The semiconductor industry has recently experienced technological advances that have permitted dramatic increases in circuit density and complexity, and equally dramatic decreases in power consumption and package sizes. Present semiconductor technology now permits single-chip microprocessors with many millions of transistors, operating at speeds of hundreds of millions of instructions per second to be packaged in relatively small, air-cooled semiconductor device packages. A by-product of these technological advances has been an increase in the complexity of manufacturing of the devices, which has been accompanied by increased pressure to produce consistent and affordable products.
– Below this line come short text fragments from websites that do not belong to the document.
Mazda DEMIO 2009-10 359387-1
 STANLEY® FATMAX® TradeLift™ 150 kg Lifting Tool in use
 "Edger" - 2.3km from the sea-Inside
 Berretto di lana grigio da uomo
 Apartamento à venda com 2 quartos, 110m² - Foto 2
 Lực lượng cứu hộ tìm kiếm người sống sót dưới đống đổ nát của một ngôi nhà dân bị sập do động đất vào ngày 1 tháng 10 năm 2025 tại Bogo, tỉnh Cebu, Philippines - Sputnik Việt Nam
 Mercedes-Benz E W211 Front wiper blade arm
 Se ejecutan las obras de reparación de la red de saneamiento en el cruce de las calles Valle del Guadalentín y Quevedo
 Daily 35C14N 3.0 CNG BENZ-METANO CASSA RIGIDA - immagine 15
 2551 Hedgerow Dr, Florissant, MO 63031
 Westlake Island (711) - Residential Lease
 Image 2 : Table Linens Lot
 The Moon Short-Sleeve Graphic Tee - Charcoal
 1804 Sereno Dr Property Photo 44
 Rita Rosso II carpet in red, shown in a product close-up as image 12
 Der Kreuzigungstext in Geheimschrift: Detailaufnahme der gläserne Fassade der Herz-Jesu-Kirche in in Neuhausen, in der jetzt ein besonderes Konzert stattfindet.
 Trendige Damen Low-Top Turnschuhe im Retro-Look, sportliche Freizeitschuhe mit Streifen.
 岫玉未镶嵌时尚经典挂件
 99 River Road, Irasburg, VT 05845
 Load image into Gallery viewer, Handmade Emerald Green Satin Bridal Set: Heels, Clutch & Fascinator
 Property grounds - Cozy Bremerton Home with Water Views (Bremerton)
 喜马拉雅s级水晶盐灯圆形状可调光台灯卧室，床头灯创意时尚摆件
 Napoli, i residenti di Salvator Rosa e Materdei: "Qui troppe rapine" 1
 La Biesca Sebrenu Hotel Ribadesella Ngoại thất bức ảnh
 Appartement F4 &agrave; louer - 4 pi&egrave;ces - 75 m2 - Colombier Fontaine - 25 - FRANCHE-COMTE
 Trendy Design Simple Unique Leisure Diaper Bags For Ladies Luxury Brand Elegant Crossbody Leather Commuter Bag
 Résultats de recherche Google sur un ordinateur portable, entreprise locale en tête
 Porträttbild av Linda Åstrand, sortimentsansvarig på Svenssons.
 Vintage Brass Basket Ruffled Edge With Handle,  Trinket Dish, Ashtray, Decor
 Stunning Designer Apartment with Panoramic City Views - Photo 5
As the manufacturing processes for semiconductor devices and integrated circuits increase in complexity, methods for testing and debugging these devices become increasingly important. Not only is it important to ensure that individual chips are functional, it is also important to ensure that batches of chips perform consistently. In addition, the ability to detect a defective manufacturing process early is helpful for reducing the number of defective devices manufactured.
One type of semiconductor analysis involves conveniently directing perturbation, such as laser light, to a semiconductor device under test (DUT). When performing such analysis, however, there are many issues to be managed. These issues include concerns such as laser leakage, calibration problems, and functional deficiencies. Further, there is a need for convenient approaches to presenting various types of perturbation signals to the DUT, which can be particularly challenging when the analysis of the DUT is to be performed in a chamber or other arrangement that makes access to the DUT difficult.